The things you own begin to own you….-Fight Club
So I was at the mall today, attempting to buy a new pair of jeans. God, I hate jean shopping. But I did manage to snag a not-to-horrendous pair of jeans from Express, along with a few clearance tees.
I also wandered through the mall, searching for the holy grail of shopping: The perfect purse and the perfect pair or boots.
Now, I already have two perfect, no wait, three perfect pairs of boots, and some pretty close to perfect purses. But my purses are always either too big or too small and two of my boots have stiletto heels, while the other is a platform. I was searching for the perfect sized functional purse, and flat knee high boots.
Alas, I wandered the mall in vain. I found nothing.
But….I did find a whole lotta other stuff that I absolutely HAD to have. Well, actually I thought I had to have the stuff, but once I left, I realized I didn’t really need the stuff, and I already have plenty of cute stuff at home.
I’ve been thinking about the stuff I wanted to buy. And the stuff I wanted to buy wasn’t really about the stuff. It was more about what the stuff represented. And what the sweaters and coats and shoes expressed about me.
And I realized that the stuff that I wanted, the real things that I want to own, are things that I cannot buy.
I think this is true for us all.
The things that we wish we owned are things that we cannot buy.
Some people try. They buy drugs and hope that they will own their happiness. They buy cosmetic surgeries and hope that they will own their self-esteem.
So I got to thinking…..
What do I want to own?
What do I already own?
I want to own my sexuality and stop being afraid of it. Sometimes I manage to capture it for a few hours, usually under the influence of alcohol. I want to own that thing that makes me magnetic, that makes me electrically charged, that makes me confident and unafraid of what everyone around me thinks.
I want to own my happiness.
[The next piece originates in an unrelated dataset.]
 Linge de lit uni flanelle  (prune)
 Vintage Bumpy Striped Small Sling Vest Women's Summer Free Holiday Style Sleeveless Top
I want to find that happy go lucky person that resides inside of me, that person that I rarely see, that person that rarely emerges long enough for anyone else to get to know her. That smiley, cheery faced, chatterbox child-like persona that belongs to some piece of me that I, myself, have not met. The happiness that I do find, or rather, the happiness that manages to find me, does not belong to me. It belongs to everyone around me, can be taken away by anyone around me, can be enhanced by anything around me, can instantly vanish if I am not careful, if I look too hard at it. I want a happiness that is all my own, that comes from within.
I want to own a happiness that cannot be blown out by the wind.
What do I already own? I own my intelligence. I am confident in my abilities in the academic playground. I am certain that when I want to do something, when I want to learn something, no matter the difficulty I face, I will do it, I will learn it. My intelligence has always been my most prized possession.
I am not always sure if I am a pretty girl. But I am sure that I am a smart girl.
Most recently, I have discovered that I own my ability to love. I have not always owned this, have not always understood this. But then again, I have not always loved myself. The hesitation, the discomfort, the overall itchiness I used to feel with love, that desire to strip it off, cut it out, run away from it, no longer resides inside of me. I’ve grown quite comfortable in this new emotion and my ability to express it. Receiving it has been a battle, and though I do not always receive it gracefully, I have learned how to receive it.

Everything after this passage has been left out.